- ASSIGNMENT -
Reproduce the lines of the listing exactly, beginning at the top, until the line with "Valentina Luxueux Plafonnier" has been reproduced too.

==== PROVIDED DATA

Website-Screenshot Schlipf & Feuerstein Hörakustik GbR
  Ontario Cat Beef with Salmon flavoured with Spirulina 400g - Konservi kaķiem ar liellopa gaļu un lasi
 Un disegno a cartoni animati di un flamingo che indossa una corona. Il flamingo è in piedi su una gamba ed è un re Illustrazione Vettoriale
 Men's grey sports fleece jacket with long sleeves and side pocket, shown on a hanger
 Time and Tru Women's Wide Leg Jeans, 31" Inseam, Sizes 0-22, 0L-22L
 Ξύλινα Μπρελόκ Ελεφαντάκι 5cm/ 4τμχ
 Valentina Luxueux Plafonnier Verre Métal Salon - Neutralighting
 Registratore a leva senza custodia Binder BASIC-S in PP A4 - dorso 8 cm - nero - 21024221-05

========

- RESULT OF THE TASK -
Website-Screenshot Schlipf & Feuerstein Hörakustik GbR
  Ontario Cat Beef with Salmon flavoured with Spirulina 400g - Konservi kaķiem ar liellopa gaļu un lasi
 Un disegno a cartoni animati di un flamingo che indossa una corona. Il flamingo è in piedi su una gamba ed è un re Illustrazione Vettoriale
 Men's grey sports fleece jacket with long sleeves and side pocket, shown on a hanger
 Time and Tru Women's Wide Leg Jeans, 31" Inseam, Sizes 0-22, 0L-22L
 Ξύλινα Μπρελόκ Ελεφαντάκι 5cm/ 4τμχ
 Valentina Luxueux Plafonnier Verre Métal Salon - Neutralighting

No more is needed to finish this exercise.